HI guys, I am looking to brew a little creatures style ale. can anyone recommend a kit-based recipe?

I am prepared to use a liquid yeast and steep grain and hops. 

any help appreciated!


----------



## Wort Pig (16/1/05)

Coodgee,

If you are loooking for something Little Creaturesesque, why not check out some of the squillions of Sierra Nevada Pale Ale recipes on the web. I can vouch that any of those will give you that huge smack of cascades your looking for, and more.

Cheers,

Pig


----------



## Coodgee (16/1/05)

thanks for the tip pig. so it's the cascade hosp that give it that fruity flavour eh?


----------



## Batz (16/1/05)

Cascade yes
See my PM to you

Batz


----------



## Jino (19/1/05)

How did you go with this?

I've just put down a LC clone. I used a Thomas Coopers Heritage Lager with 30g of Cascade and 15g of Chinook and a kg of powdered malt. Hoping that should taste ok.


----------



## Snow (19/1/05)

Coodgee,

do a search on this site for Little Creatures, LCPA, Skunk Fart Pale Ale and SFPA and you will have about 2 years worth of reading on it. Jayse pioneered his version of Little creatures and called it skunk fart and it has been refined many times by members of the forum.

Cheers - Snow.


----------



## kook (22/1/05)

Sorry, I know this is a little bit off topic, but I though people may be interested.

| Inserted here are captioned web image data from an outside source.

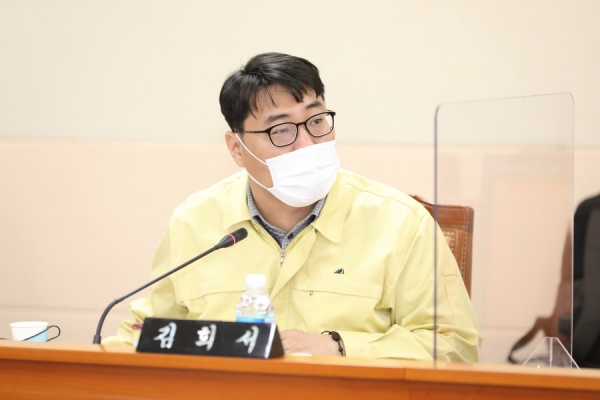구로구의회 김희서 의원이 대표발의 한 ‘구로구 소상공인 지원 등에 관한 조례 일부개정조례안’이 26일 열린 본회의를 통과했다. 사진=구로구의회 제공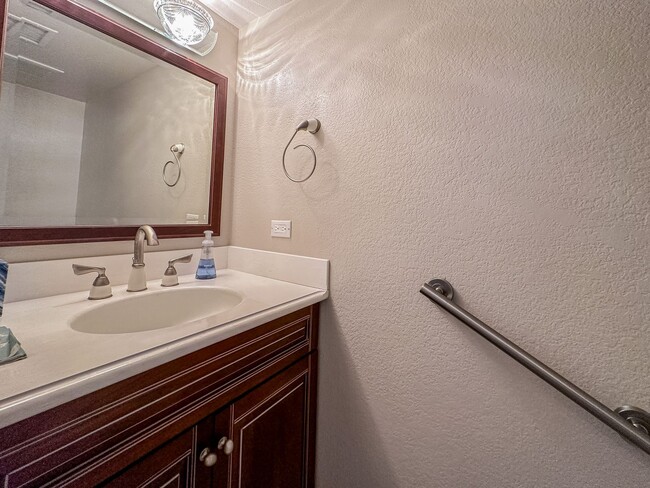 Building Photo - Tierrasanta Furnished Short-Term Rental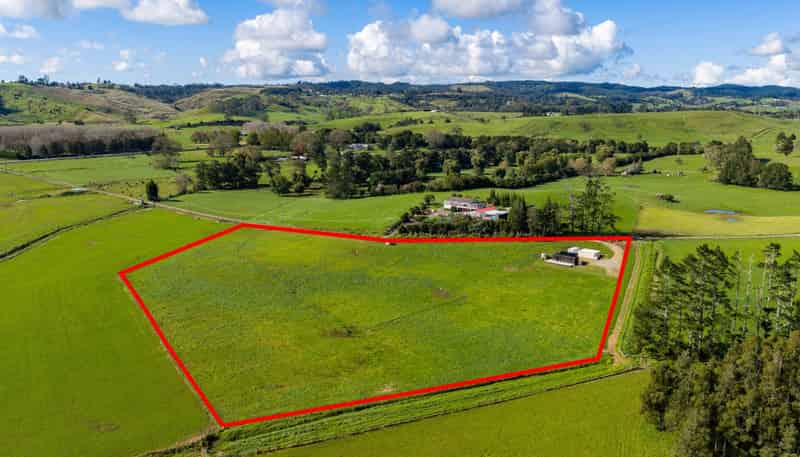 1327 State Highway 1, Hikurangi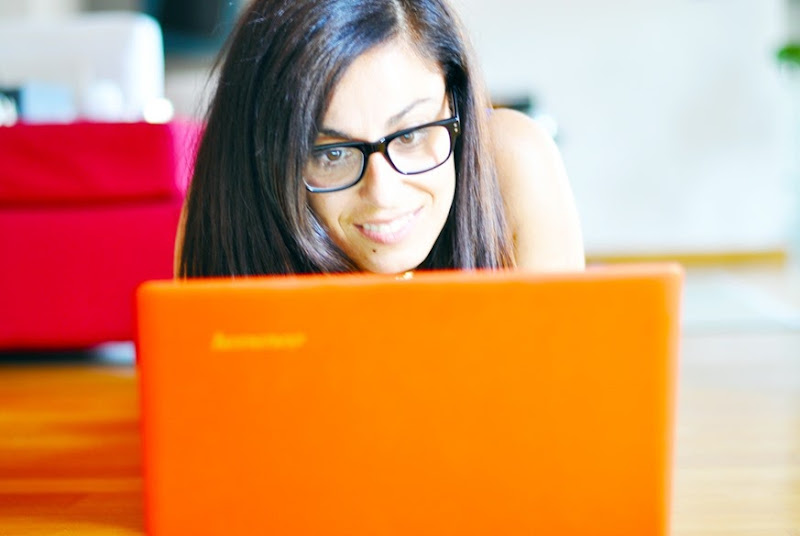 lenoro computer arancione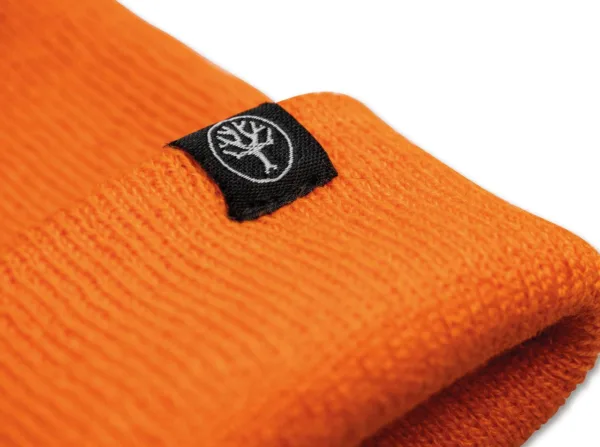 Czapka Böker Solingen Beanie Orange Nowoczesna czapka Boker Beanie w kolorze pomarańczowym utrzymuje ciepło nawet na najchłodniejszej głowie i doskonale dopełnia swobodny wygląd w mroźne dni wiosną, jesienią i zimą. Miękka tkanina akrylowa jest niezwykle wygodna w noszeniu i jest oddychająca. Elastyczny pas idealnie dopasowuje się do kształtu głowy i posiada na przodzie dyskretne logo Boker, które jest widoczne nawet po zagiętym rondzie. Czapka w jednym rozmiarze. 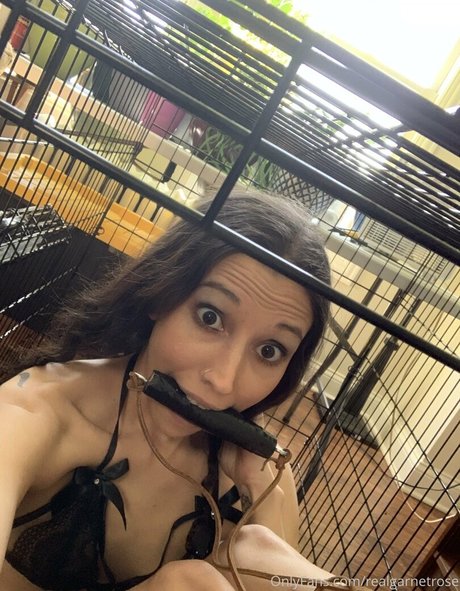 realgarnetrose 高品質のポルノスター 写真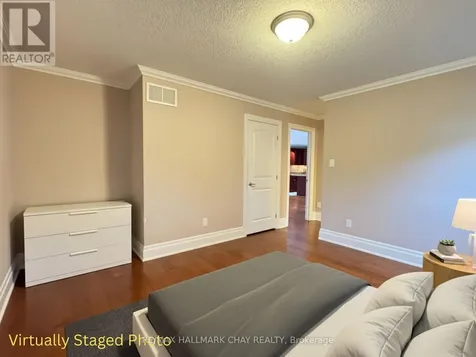 31 Garden Grove Crescent Wasaga Beach ON L9Z 0E6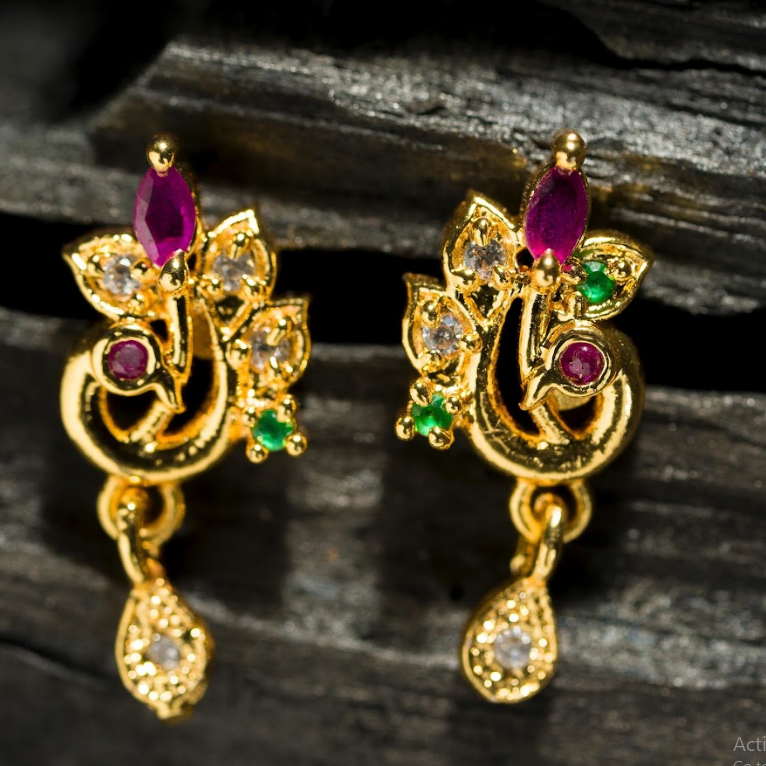 Women's Ganeshji Fancy Tops Gold Plated
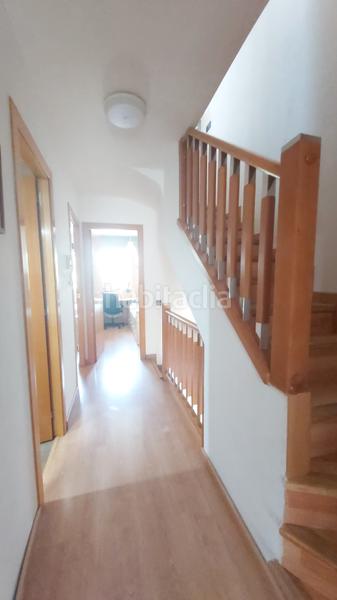 Foto c9d1ba7b-edf7-4d7d-990f-ae1ae724cd60. Casa a schiera con camino riscaldamento parcheggio piscina in Cerdanyola del Vallès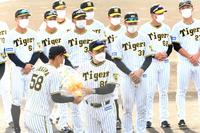 　歓迎セレモニーで花束を受け取った岡田監督（撮影・田中太一）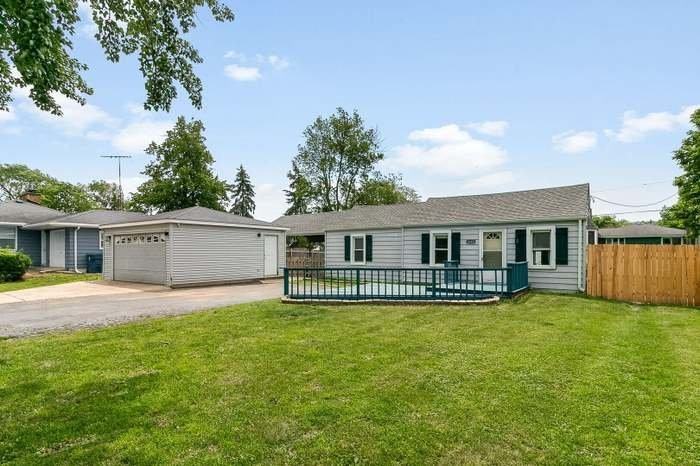 2303 Sweetbriar St - Photo 2 of 13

Last night I did a side-by-side tasting of Sierra Nevada Pale Ale, and Little Creatures Pale Ale. Heres the results:

Sierra Nevada Pale Ale (68/100)
Aroma: 7/10, Flavour 7/10, Appearance 3/5, Palate 3/5, Overall 14/20.
Pours gold, edging on copper with a short lasted small white head. Medium grapefruit citrus aroma. Mild malt flavours in start with a slightly metallic bitter finish. Medium bodied at start with a refreshing crisp finish. Ok, but the metallic tang is a bit offputting.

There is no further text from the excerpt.